Tuesday, July 20, 2004

How to Get a Quick Jump in Credit Score

If you want to increase your credit score quickly, you have to know which items affect your score. Lenders use a credit score to assess the risk that you will default on a loan. Credit scores range from 300 to 850. A high score increases your chance of receiving favorable credit terms from a lender. The items with the most impact on your score are the amount of debt you have and how you pay it.

Instructions

    1

    Review your credit report to check the balances and credit limits. Look at each credit card account.

    2

    Calculate how much of your available credit you are using for each credit card. Credit reporting agencies consider all your accounts together to calculate an overall percentage of credit usage. For all credit cards, if the total usage is 30 percent or more of available credit, your score will decrease.

    3

    Pay your credit card balances down or off.

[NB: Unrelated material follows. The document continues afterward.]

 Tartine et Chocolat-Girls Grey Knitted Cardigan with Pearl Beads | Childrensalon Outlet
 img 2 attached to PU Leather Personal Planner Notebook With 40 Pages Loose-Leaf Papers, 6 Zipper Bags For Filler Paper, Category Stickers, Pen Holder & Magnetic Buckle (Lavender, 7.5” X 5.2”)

Send in enough money for each credit card account to get the percentage of use below 30 percent. You can also choose to pay your accounts off in full. When the credit reporting agencies update your information you will see a jump in your score.

    4

    Make sure creditors receive your payments before the closing date on the bill. If your closing date is June 22, your balance at that point will be reported to the credit reporting agency. Credit card statements are mailed out on the day after the closing date (in this example statements go out June 23). If you pay down your credit cards on June 23, it will be another full month before the new balance information is reported to the credit reporting agencies.